Sept. 27, 2000 -- Children who are unusually short because of chronic medical conditions such as kidney disease can gain several inches in height by taking growth hormone before they hit puberty. These inches stay with the child as they pass through their teens and into adulthood, according to a new study.
Most of these children can increase their final adult height by an average of nearly two inches, which can mean the difference, "between being extraordinarily short" or "being up in the normal range, although in the shorter end of normal," says Jay Cohen, MD.
Cohen, who is clinical associate professor of endocrinology at the University of Tennessee in Memphis, says being short may seem like a "small" issue to some people, but it poses many practical limitations that may be avoidable by adding just a few inches with growth hormone treatments during a child's peak growth period.

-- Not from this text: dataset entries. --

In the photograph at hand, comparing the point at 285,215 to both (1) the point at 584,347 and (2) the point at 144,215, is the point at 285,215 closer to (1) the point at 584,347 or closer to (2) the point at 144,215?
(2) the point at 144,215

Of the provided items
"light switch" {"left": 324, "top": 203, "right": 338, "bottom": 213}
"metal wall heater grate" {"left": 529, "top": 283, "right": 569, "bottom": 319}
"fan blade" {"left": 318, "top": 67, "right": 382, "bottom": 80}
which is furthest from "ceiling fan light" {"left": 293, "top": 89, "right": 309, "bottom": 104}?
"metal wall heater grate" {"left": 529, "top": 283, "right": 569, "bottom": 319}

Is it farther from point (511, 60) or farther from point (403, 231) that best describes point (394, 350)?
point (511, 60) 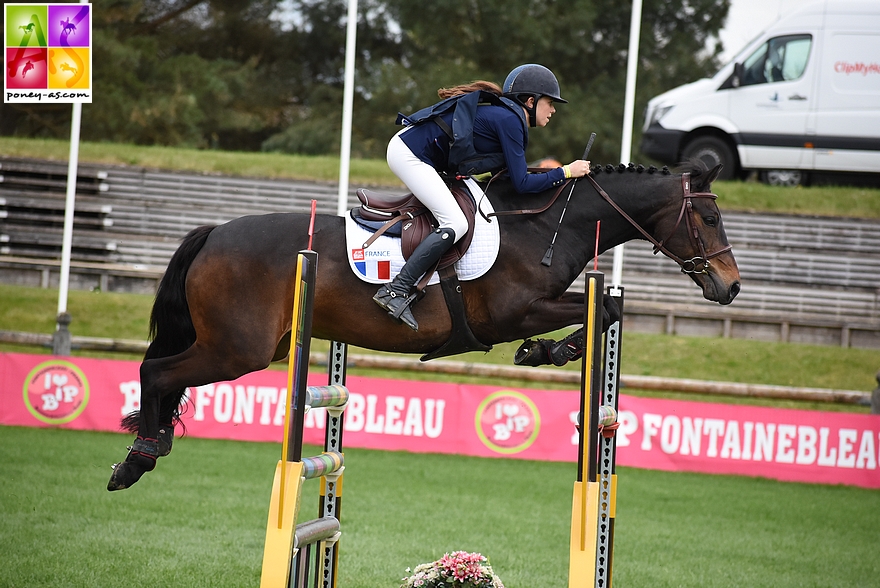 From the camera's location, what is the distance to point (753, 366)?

"If you're an adult and you're 4-foot-7, how do you find a car where you can reach the pedals?" says Cohen, who also has a private practice. "But if you're 5-foot-1, you can drive a car and you don't have to have specially built brake pedals, gas pedals, you can see [over the dashboard], etc. There is also discrimination in the workplace if you are profoundly short," he adds.
Growth hormone was approved in the U.S. in 1985 for use in children whose bodies don't produce enough natural growth hormone because of a deficiency or medical problems that interfere with growth, such as kidney failure. Actor Gary Coleman, best known for his role as Arnold on the sitcom Diff'rent Strokes is one example of someone whose growth was severely stunted by childhood kidney disease.
Today, growth hormone is widely used, but doctors are still compiling data on how significantly the hormone ultimately improves the child's height when they become an adult. Some have suggested the hormone may give an initial boost in growth around the time of puberty that is not sustained through the teenage years, up to the time a person's height is finally determined.
But a new study in the Sept. 28 issue of The New England Journal of Medicine shows that kids with kidney disease who took the hormone shots starting from around the age of 10 until their mid teens had sustained increases in their growth until they reach their final adult height at age 18 for boys and age 16 for girls. Compared with a similar group of children with kidney disease who did not take the hormone shots, those who did gained enough inches to put them in the normal or near-normal range for height.
That meant that boys who took the hormone were an average of 5 feet 4 inches tall as adults and girls were an average of 5 feet 1 inch tall. Among those who did not take the hormone shots, boys were an average of 5 feet 3 inches tall as adults and girls were an average of 4 feet 9 inches tall. Children who took the hormone were slightly shorter at the start of the study than children who did not take it.
The German study, led by Dieter Haffner, MD, of University Children's Hospital in Heidelberg, also shows that growth hormone does not worsen the child's kidney disease or interfere in any way with treatment of the disease, says Cohen. There also were no side effects of the treatment reported. That is likely to be important news to parents and doctors weighing the benefits of giving the growth hormone treatments to children with kidney disease.